Web Spider Code
This is the last part of our tutorial in which we will explain key code parts of web spider program.
"C_3OXO.vb" Class
This class is the main class in web spider application. It
contains all the data and code needed to execute the web crawling process. At
top of the class file add the following imports statements.
Imports mshtml
Imports System.Net
Imports System.io
Imports System.Data.OleDb
Imports System.Data
|
Then add the following declarations.
Public Class C_3OXO
Dim DBFilePN As String
Dim DBC As c_3OXO_DB
Dim UrlsT As DataTable
Public MLevel As Integer
Public TimOut As Integer
Public F1 As Form1
DBFilePN : is a private string represents the new
created database file path name.
DBC : is a variable of type C_3OXO_DB which represents the database
class.
UrlsT : a private variable of type data table and it represents in memory
representation of a table consists of one column to manage the URLs list
(crawler frontier).
MLevel : a public integer variable represents the maximum deeper tree
level the spider have to reach.
TimeOut : a public integer represents the allowed web browser control
maximum time out in seconds before it stops trying to get the current URL.
F1 : is a public variable of type Form1. It will be used to refer to
form1 object.
Go Spider
Public Sub GoSpider(ByVal URL As String, ByVal DBF As String)
DBC = New c_3OXO_DB
DBFilePN = DBF
CreateDBOutputFile(DBFilePN)
DBC.Initial(DBFilePN)
GetWebSite(URL)
End Sub
This is the main public subroutine in this class. This is
the sub we need to call to start the whole process. This sub receives two
parameters: the web site URL like for example "http://www.google.com",
and the database file name where the user want to store the web site data. At
its first line it creates an instant of the database class and assigns it to the
"DBC" variable. It assigns the input parameter "DBF" to the class parameter "DBFilePN"

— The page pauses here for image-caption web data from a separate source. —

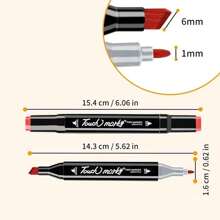 YASUHISA Markers Brush Tip Double Tip Touch 100 Colors - 100 Colors - View 4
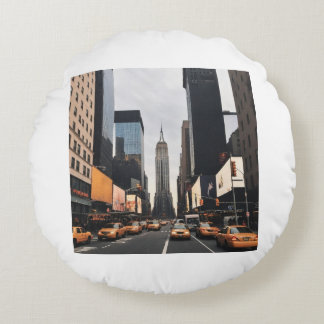 New Pillow York Rund Kudde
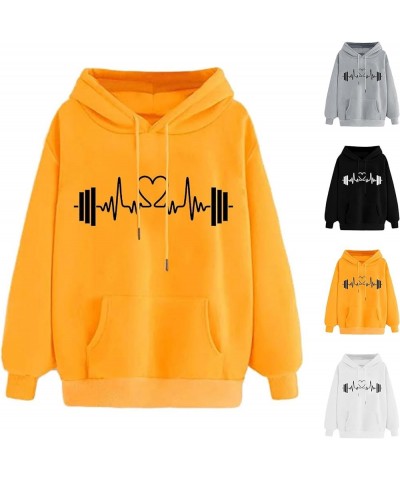 Womens Hoodies 2024 Valentines Cute Heart Sweatshirts Casual Drawstring Comfy Long Sleeve Tops Pullover With Pockets 10 White...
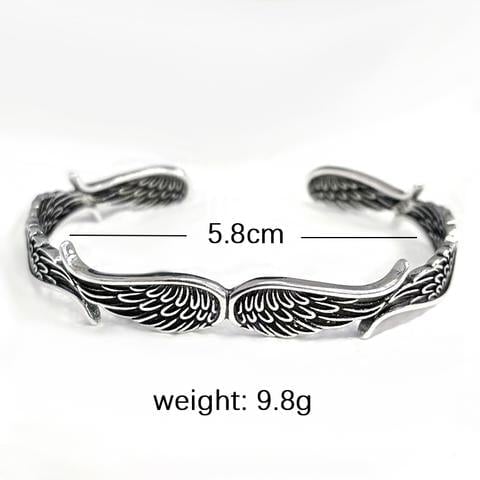 Celestium™ Vintage Bracelet with Angel Wings in Silver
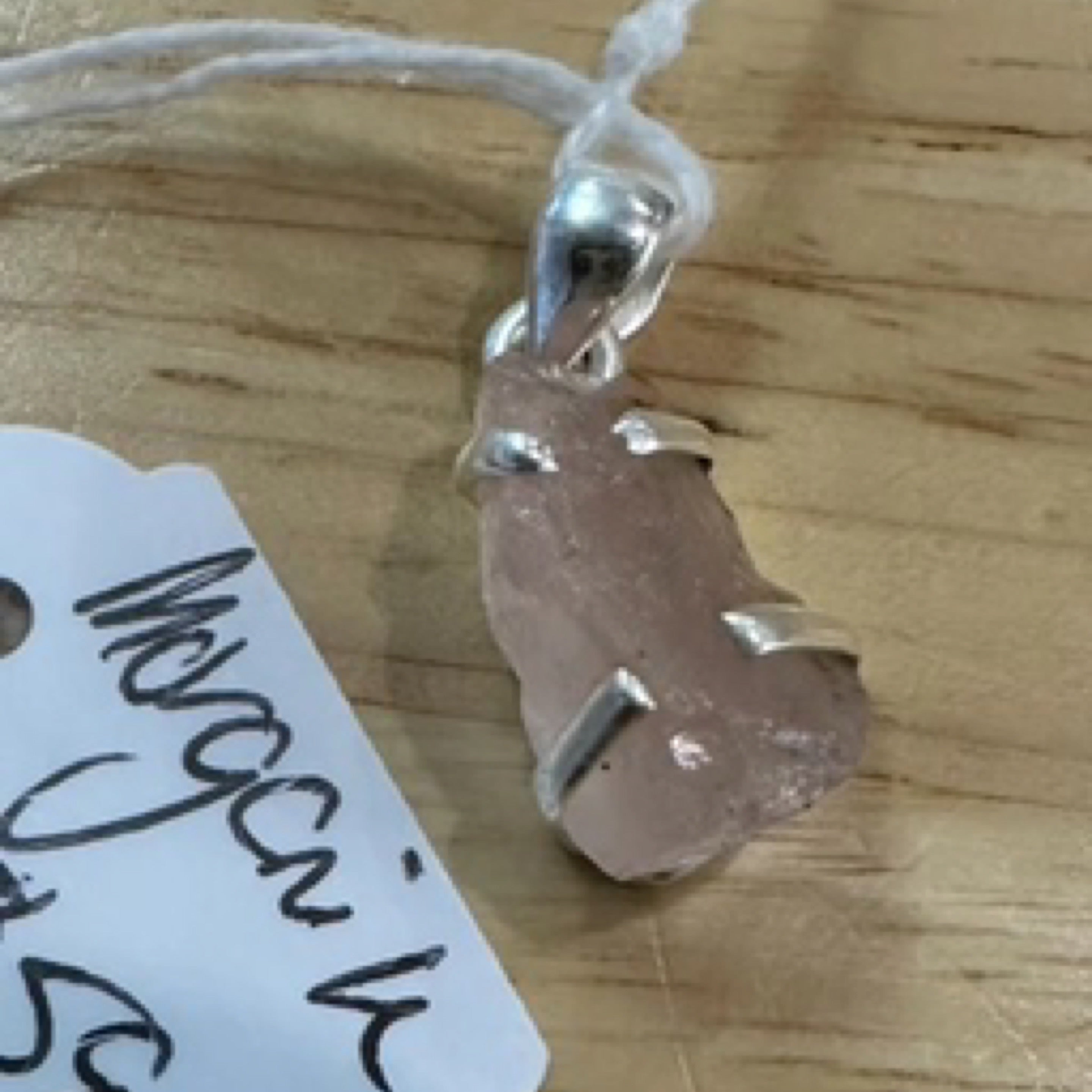 Morganite Sterling Silver Pendant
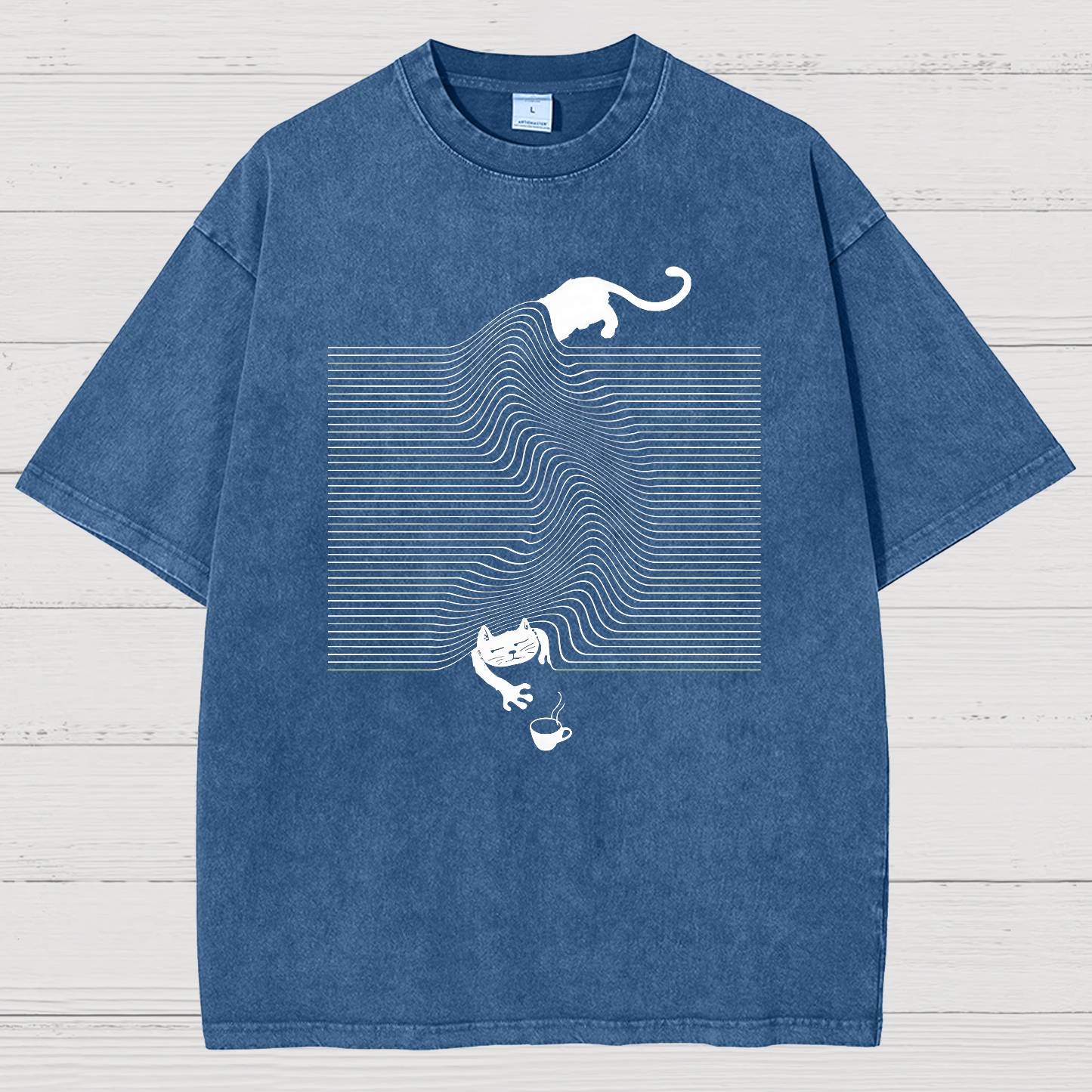 Funny Cat Vintage Distressed T-shirt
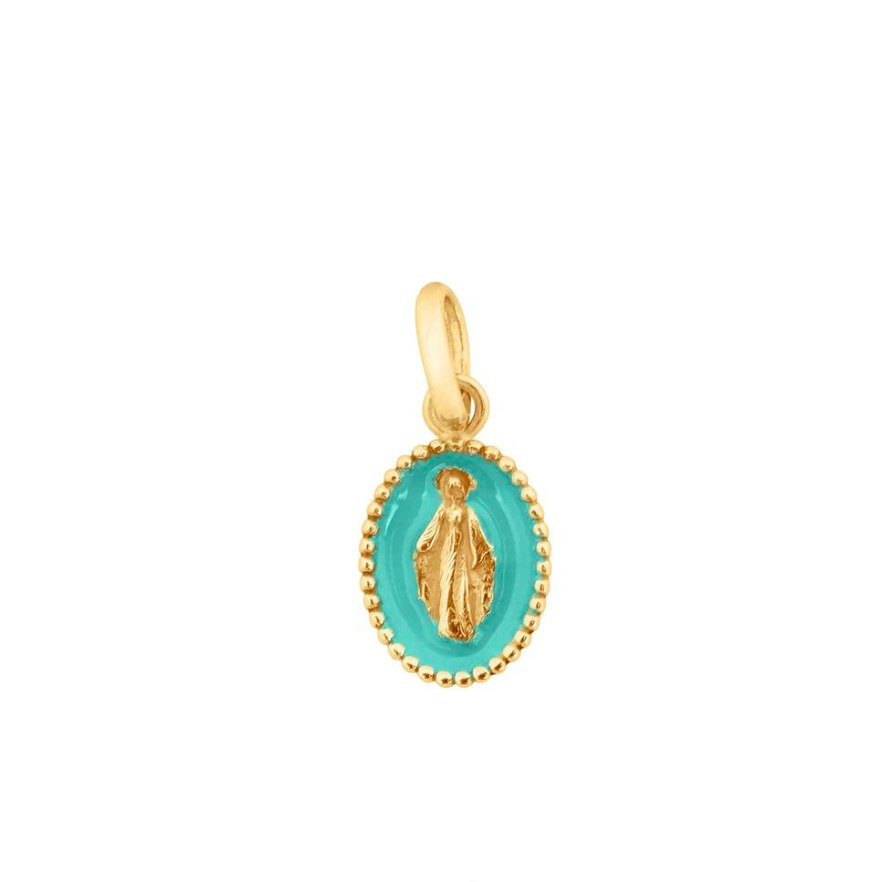 Gigi Clozeau 18kt Madone Resin Charm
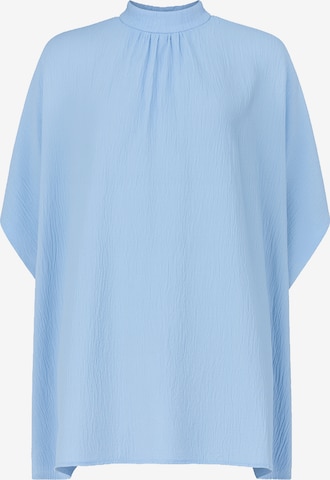 Chemisier Elara en bleu : devant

to be available to all class methods. Then it creates the output database file
by calling the "CreateDBOutputFile" and passing to it the "DBFilePN" class
variable. It initializes the database class instant by calling its "Initial"
method. Finally it call the "GetWebSite" method which make the actual crawling
work as we will see later.
Create Output Database File
Private Function CreateDBOutputFile(ByVal odbfpn As String) As Boolean
Dim s As String()
Dim TS As String
Try
s = Environment.GetCommandLineArgs()
TS = s(0).Substring(0, s(0).LastIndexOf("\") + 1) & DBC.DBTemplateFPN
IO.File.Copy(TS, odbfpn)
Catch ex As Exception
Return False
End Try
Return True
End Function
This private function main purpose is to locate the
location of the application EXE file, and then copy the template database file
saved at this location to the new specified database file path name. It does its
function by making use of the environment "GetCommandLineArgs" method which
returns the application EXE folder path as its output parameter.
Get Web Site
Private Sub GetWebSite(ByVal URL As String)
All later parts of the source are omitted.